More thoughts on monetizing Open Social
Chris Schalk, a developer advocate at Google who's working with designers and coders who want to build Open Social applications, tells us in this interview that the business model for this market is still in its early phase.
"People are still experimenting," Schalk told me.
Read more ideas here on where the Open Social ad money might come from.
He showed me an approach being used by MTV on one of their own sites, which has a small widget ad in the form of an MTV brand logo that gets dropped in with its PhotoBuzz application.
As we spoke, the head of a small gadget company came by and offered his opinion as well.

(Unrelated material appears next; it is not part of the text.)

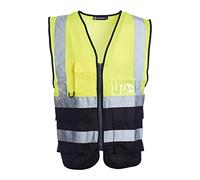 Blackrock Amarillo y Negro Premium Hi Visest chaleco con bolsillos bolsa de identificación y Key Loop Reflective High Visests con cremallera de seguridad chaleco de seguridad Ropa de Seguridad EN Cert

Because all the major social networks forbid developers from placing ads directly on their user's profile pages, the challenge is to entice social network users to get to the full page dedicated to the application, said Jerome Mouton, owner and lead developer of LjmSite, which makes travel-related gadgets.
"You have to find a creative way to get the user to the canvas," Mouton says.
His company has been placing their apps on iGoogle and generating an "OK revenue stream," Mouton says.
He hopes that big sites like Facebook, MySpace and Hi5 will eventually allow small, relevant sponsored links on more pages. "They'd have to be small enough so they don't turn the user off," he says.
Mouton says that even with the standardization brought by Open Social, his company still has to do custom work to make their apps work with different sites.